Disaster Recovery Site — your DR site isn't a dusty rack in a closet. It's a live replica that's always current.
Most DR plans are fantasies. The backup tapes are six months old. The runbook was written three years ago by someone who left. Nobody has tested a failover since the last audit. When the primary site actually dies, it takes days — sometimes weeks — to recover. With ZFS replication over WireGuard, your DR site receives incremental updates every hour. The replica is always current. The failover is a documented, tested, repeatable procedure. RTO measured in minutes. RPO equals the time since the last syncoid run.
On ext4, DR means rsync jobs that miss open files, backup agents with their own failure modes, and restore procedures nobody has tested. With ZFS, zfs send over WireGuard IS your DR. Incremental, checksummed, encrypted at the wire level. The DR site is not a backup — it is a live replica receiving atomic dataset updates every hour. Failover means importing the pool and booting. No restore step, no data reconstruction, no prayer. Recovery time: minutes, not hours. And because ZFS checksums every block, you know the replica is bit-for-bit correct — not just "probably fine."
Why this changes how you think about DR:
Traditional DR is a separate system. You buy backup software. You configure backup jobs per server, per database, per application. Each backup has its own schedule, its own retention, its own restore procedure. Some are file-level (miss open files). Some are image-level (can't restore individual files). Some are application-specific (pg_dump, mysqldump). Testing restore is a project. Nobody tests it. When you need it, you discover it doesn't work.

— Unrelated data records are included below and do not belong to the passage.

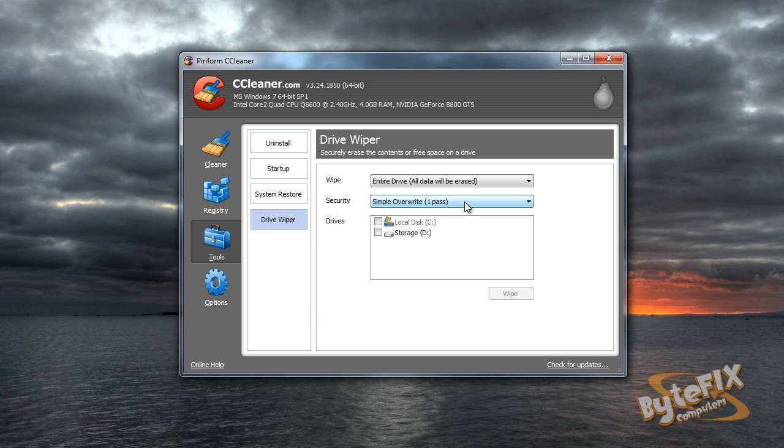Now I have seen there are some programs that can still pull data off of a hard drive after a single pass. The data can be damaged, but some of it, you can still tell what some of the stuff is and sometimes it'll pull blocks of a picture up here or a document from here and you can still retrieve some of that personal information.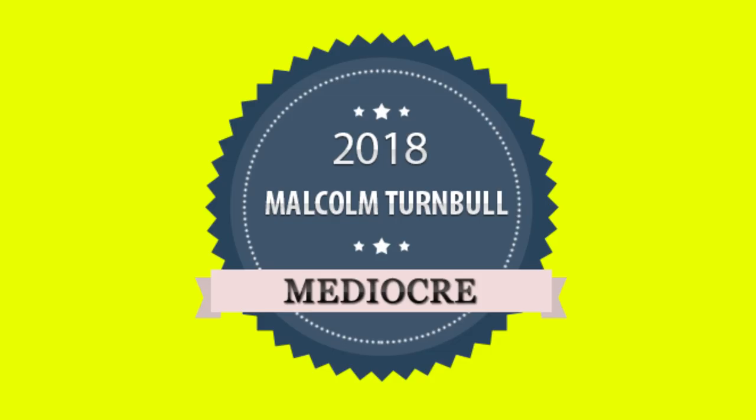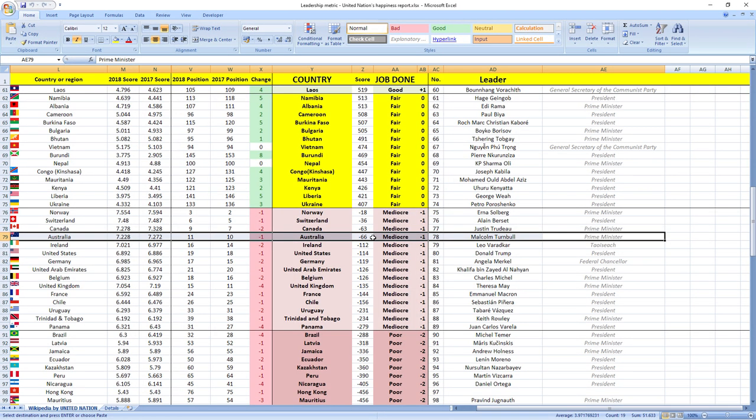His score was minus 66 and he ranked 78 among all leaders. Australia was ranked 10th in 2017, which is very high, and in 2018 they dropped one place to 11th place, so as you can see it's a mediocre job. Your Prime Minister is slowly making you more unhappy.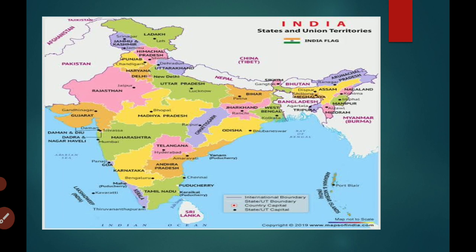All of you look at the map of India. There are 28 states in India. All the states and regions of India have different types of famous food items. We will study about the famous food items of different regions and different states of India.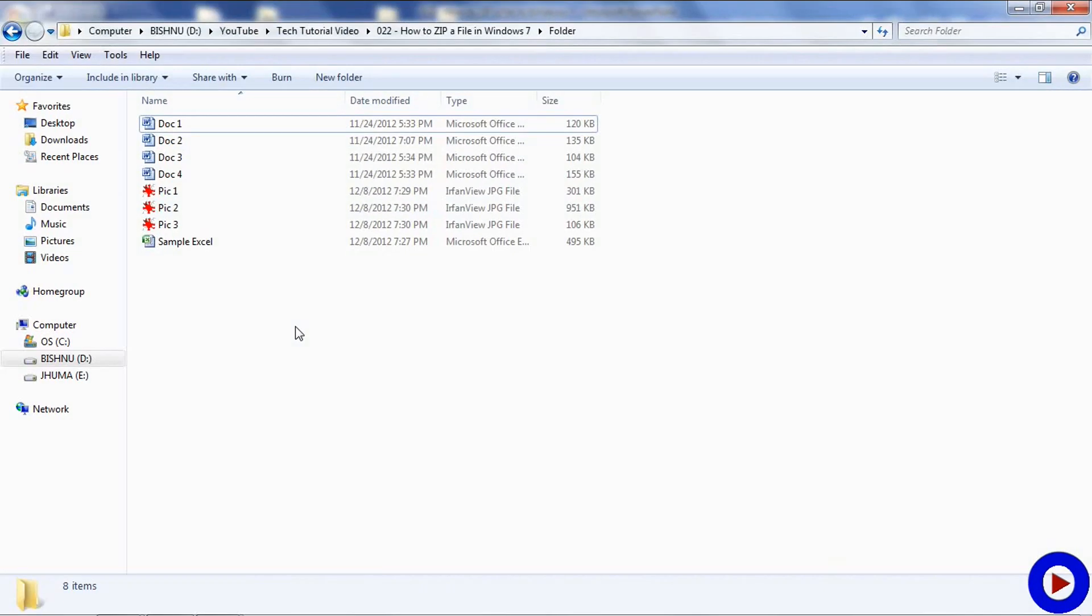Now I am going to show you how to compress or zip multiple files together into a single file. Here I have a couple of Word documents, some pictures, and one Microsoft Excel file.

ZFS DR is a property of the storage. syncoid -r rpool dr-node:tank/replica replicates everything — OS, databases, configs, user data, application state — as one atomic operation. The DR site is a mirror of production at the last snapshot. Not a backup. A mirror. Same datasets, same hierarchy, same checksums. Failover is: import the pool on the DR node, boot it. The services start because their configs are in the datasets. The data is there because it was replicated. The users connect because DNS points to the new node.
The test nobody does, made trivial. Clone the DR replica. Boot the clone. Verify the services start. Destroy the clone. You just tested your DR failover without touching production or the real DR replica. Do it weekly. Do it in CI. Do it every time you change the replication config. The test is a zfs clone and a boot — 30 seconds, zero risk.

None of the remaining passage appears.